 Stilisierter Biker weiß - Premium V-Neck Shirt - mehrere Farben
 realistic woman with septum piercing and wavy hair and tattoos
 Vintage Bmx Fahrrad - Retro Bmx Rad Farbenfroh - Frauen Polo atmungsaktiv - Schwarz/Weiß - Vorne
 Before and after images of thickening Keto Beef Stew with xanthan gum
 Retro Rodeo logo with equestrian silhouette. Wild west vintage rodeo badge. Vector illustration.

---

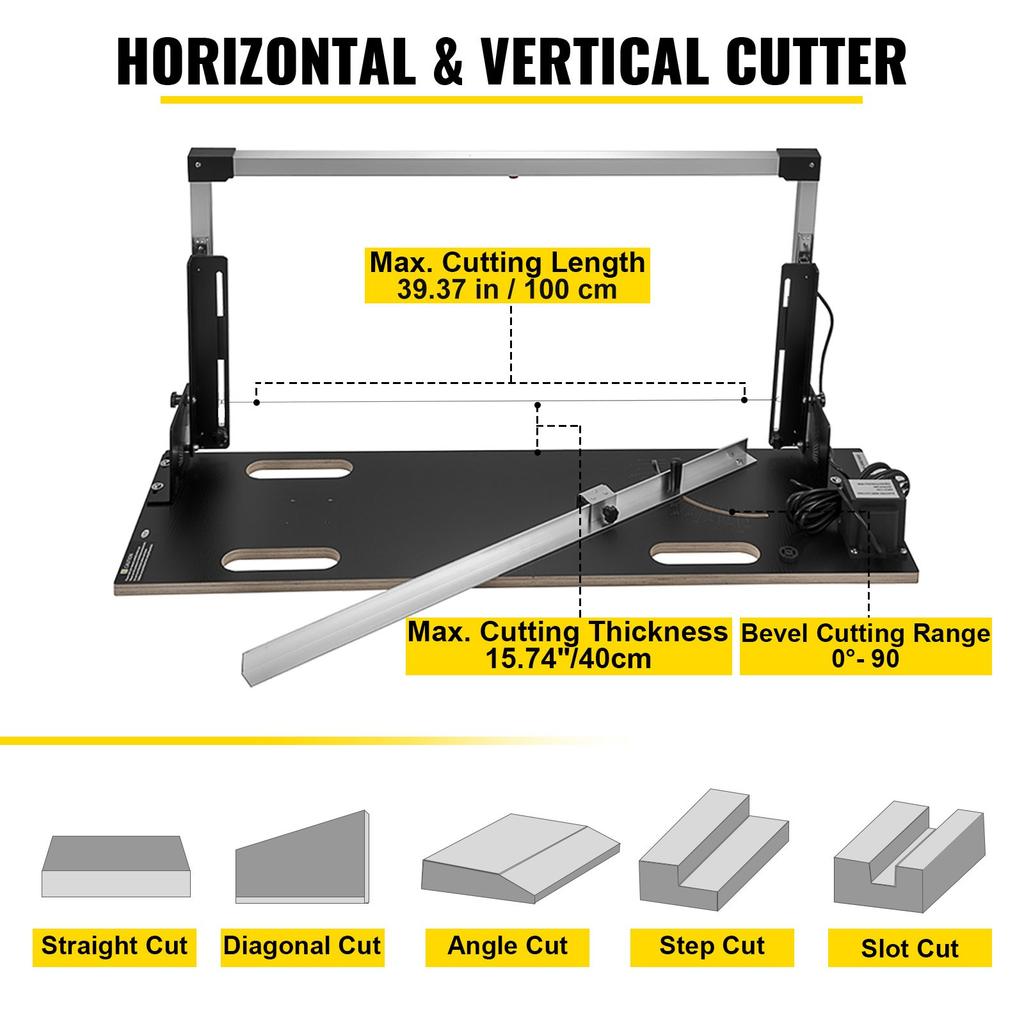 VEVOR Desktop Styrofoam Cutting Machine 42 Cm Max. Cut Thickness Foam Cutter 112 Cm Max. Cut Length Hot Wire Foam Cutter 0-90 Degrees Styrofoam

Task item: Please reproduce exactly the lines in the listing above from the one containing "Before and after" through the one containing "Retro Rodeo logo", both included, and nothing more.

The completed task:
 Before and after images of thickening Keto Beef Stew with xanthan gum
 Retro Rodeo logo with equestrian silhouette. Wild west vintage rodeo badge. Vector illustration.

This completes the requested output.